A binary search tree (BST) is recursively defined as a binary tree which has the following properties:
- The left subtree of a node contains only nodes with keys less than the node's key.
- The right subtree of a node contains only nodes with keys greater than or equal to the node's key.
- Both the left and right subtrees must also be binary search trees.

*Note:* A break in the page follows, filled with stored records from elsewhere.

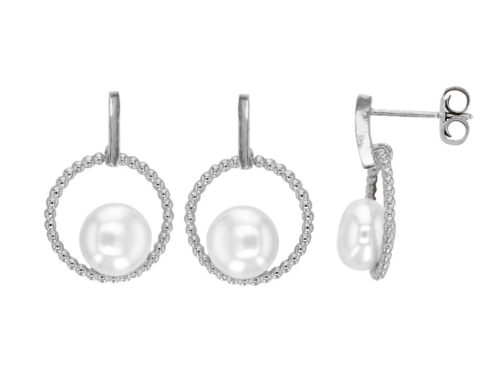 boucles oreilles eau douce cercle argent rhodie lvl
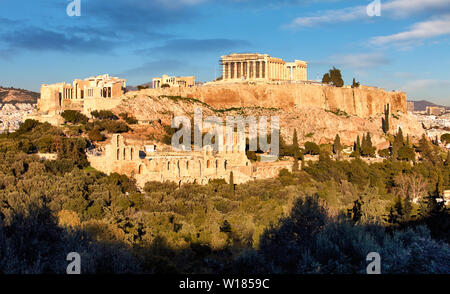 Atene - Acropoli al tramonto, Grecia Foto Stock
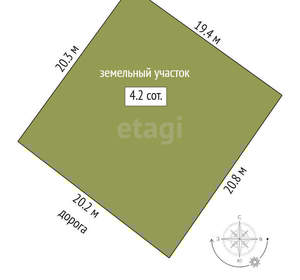 Дом 20м², 2-этажный, участок 4 сот.  
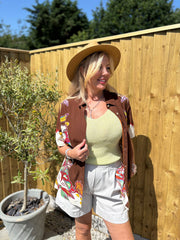 Chocolate Botanical Border Shirt Gemma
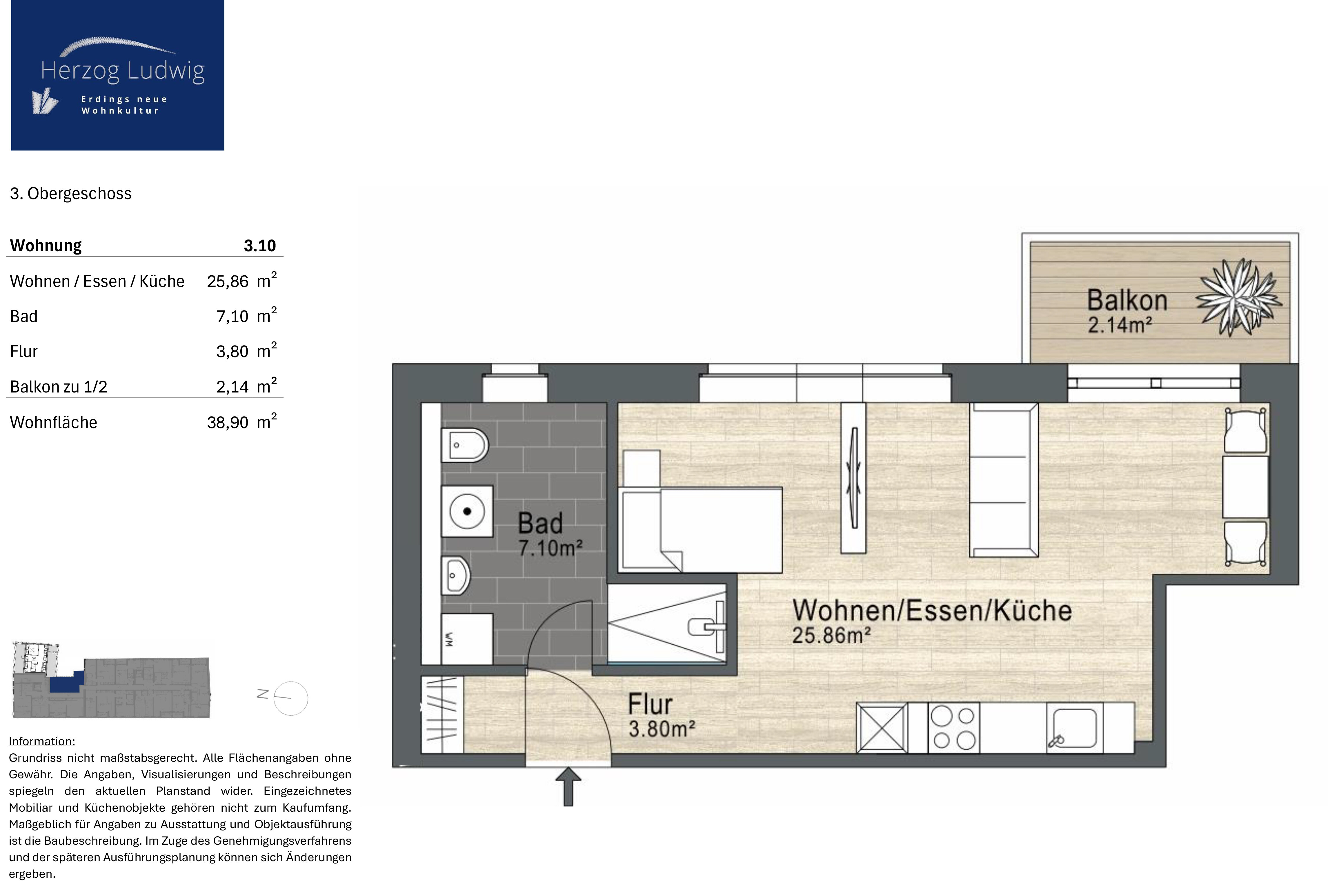 Wohnung zum Kauf provisionsfrei 299.900 € 1 Zimmer 38,9 m²<br/>Wohnfläche 3.<br/>Geschoss Altenerding Erding 85435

Given any two nodes in a BST, you are supposed to find their LCA.
Input Specification:
Each input file contains one test case. For each case, the first line gives two positive integers: M (≤1,000), the number of pairs of nodes to be tested; and N (≤ 10,000), the number of keys in the BST, respectively. In the second line, N distinct integers are given as the preorder traversal sequence of the BST. Then M lines follow, each contains a pair of integer keys U and V. All the keys are in the range of int.
Output Specification:
For each given pair of U and V, print in a line LCA of U and V is A.
if the LCA is found and A
is the key. But if A
is one of U and V, print X is an ancestor of Y.
where X
is A
and Y
is the other node. If U or V is not found in the BST, print in a line ERROR: U is not found.
or ERROR: V is not found.
or ERROR: U and V are not found.
.
Sample Input:
6 8
6 3 1 2 5 4 8 7
2 5
8 7
1 9
12 -3
0 8
99 99
Sample Output:
LCA of 2 and 5 is 3.
8 is an ancestor of 7.
ERROR: 9 is not found.
ERROR: 12 and -3 are not found.
ERROR: 0 is not found.
ERROR: 99 and 99 are not found.
题意:
给你一棵二叉排序树的先序序列,求每次询问的LCA(最近公共祖先)
思路:
题目已知是一棵二叉排序树,其实将每个结点排序后得出的即是中序遍历,即已知中序和前序,建树,然后求LCA
#include<iostream>
#include<algorithm>
using namespace std;
const int maxn=10005;
int m,n;
struct node
{
int data;
node *lchild,*rchild;
};
bool cmp(int a,int b)
{
return a<b;
}
int pre[maxn];
int in[maxn];
node *build(int prel,int prer,int inl,int inr)
{
if(inl>inr)
return NULL;
int p1,p2;
node *root=new node;
root->data=pre[prel];
p1=inl;
while(in[p1]!=pre[prel])
p1++;//p1是根的位置
p2=p1-inl;
root->lchild=build(prel+1,prel+p2,inl,p1-1);
root->rchild=build(prel+p2+1,prer,p1+1,inr);
return root;
}
node *lca(node *root,int u,int v)
{
if(root==NULL)
return NULL;
if(root->data==u||root->data==v)
return root;
node *left=lca(root->lchild,u,v);
node *right=lca(root->rchild,u,v);
if(left&&right)
return root;
return left==NULL?right:left;
}
bool find(int u)//找是否存在于序列中
{
for(int i=0;i<n;i++)
{
if(u==pre[i])
return true;
}
return false;
}
int main()
{
scanf("%d%d",&m,&n);
for(int i=0;i<n;i++)
{
scanf("%d",&pre[i]);
in[i]=pre[i];
}
sort(in,in+n,cmp);
//这样就得到了层次遍历和前序遍历
node *root=build(0,n-1,0,n-1);
while(m--)
{
int u,v;
scanf("%d%d",&u,&v);
if(find(u)==false&&find(v)==false)
printf("ERROR: %d and %d are not found.\n",u,v);
else if(find(u)==false||find(v)==false)
printf("ERROR: %d is not found.\n",find(u)==false?u:v);
else
{
node *ans=lca(root,u,v);
if(ans->data==u||ans->data==v)
printf("%d is an ancestor of %d.\n",ans->data==u?u:v,ans->data==u?v:u);
else
printf("LCA of %d and %d is %d.\n",u,v,ans->data);
}
}
}